◆ About this task
Copy verbatim the block of lines in the entries below whose first line contains "N°Jn 374 authentique" and whose last line contains "Burberry Cashmere Sweaters". Leave out all other lines.

◆ Record excerpts
=== Section Start ===
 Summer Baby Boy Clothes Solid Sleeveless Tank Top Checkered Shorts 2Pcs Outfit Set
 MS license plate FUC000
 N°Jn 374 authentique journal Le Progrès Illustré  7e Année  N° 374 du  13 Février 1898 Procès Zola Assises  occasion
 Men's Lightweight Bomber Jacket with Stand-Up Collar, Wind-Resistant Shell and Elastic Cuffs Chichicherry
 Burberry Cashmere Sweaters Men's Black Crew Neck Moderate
=== Section End ===
=== Section Start ===
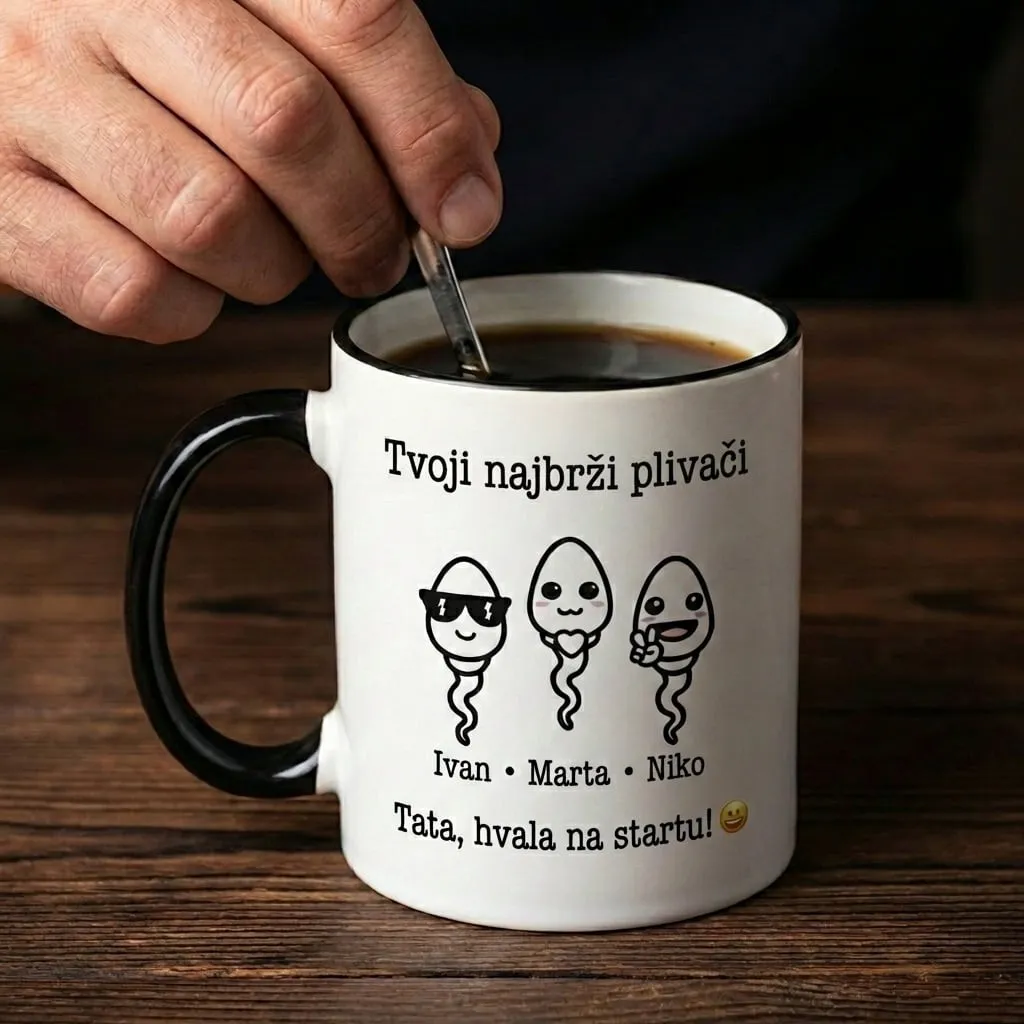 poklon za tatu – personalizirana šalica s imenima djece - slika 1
=== Section End ===
=== Section Start ===
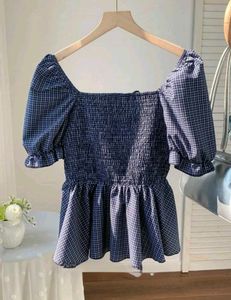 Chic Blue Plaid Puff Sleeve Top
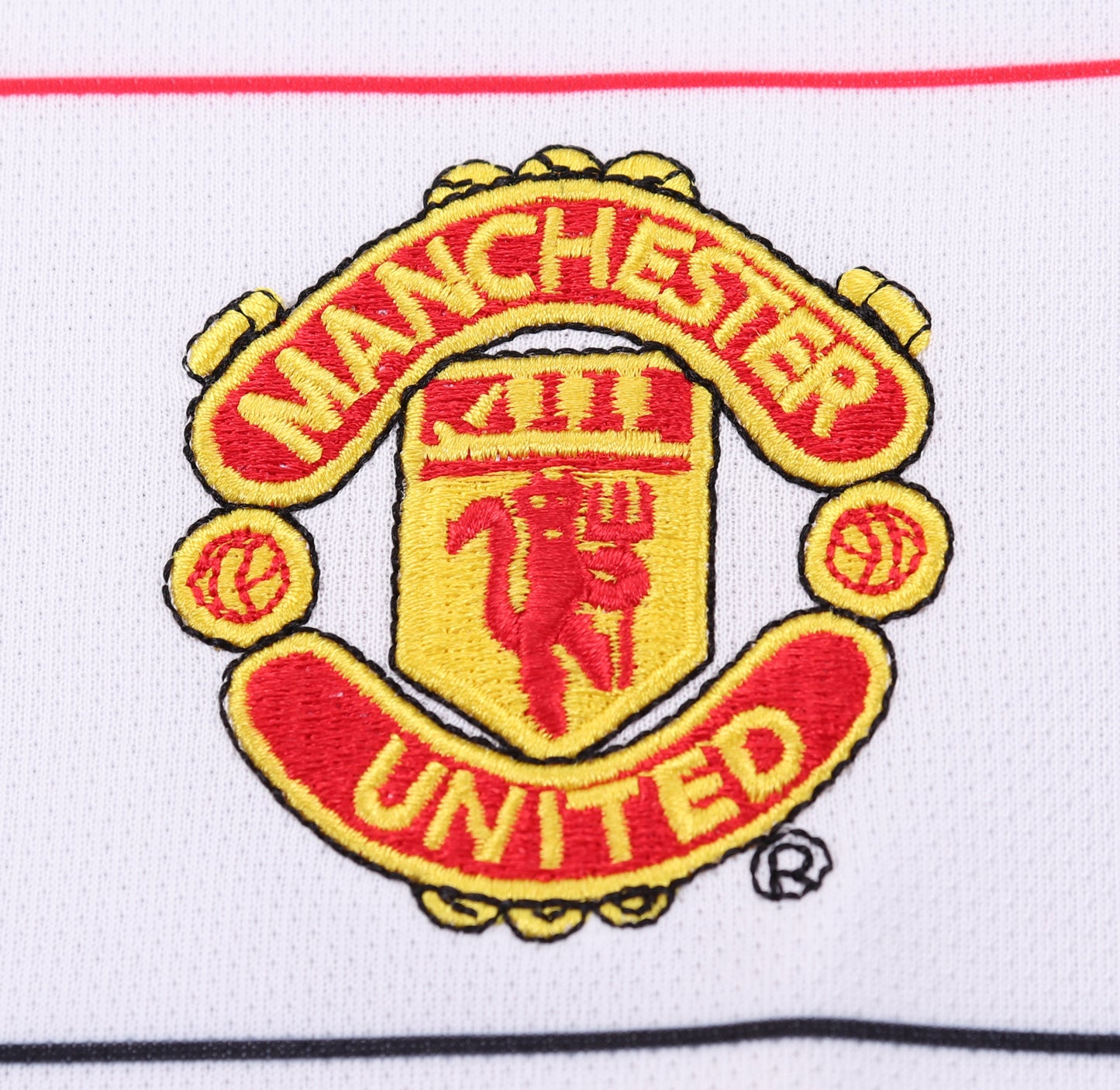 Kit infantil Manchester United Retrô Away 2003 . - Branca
=== Section End ===
◆ Exercise output
 N°Jn 374 authentique journal Le Progrès Illustré  7e Année  N° 374 du  13 Février 1898 Procès Zola Assises  occasion
 Men's Lightweight Bomber Jacket with Stand-Up Collar, Wind-Resistant Shell and Elastic Cuffs Chichicherry
 Burberry Cashmere Sweaters Men's Black Crew Neck Moderate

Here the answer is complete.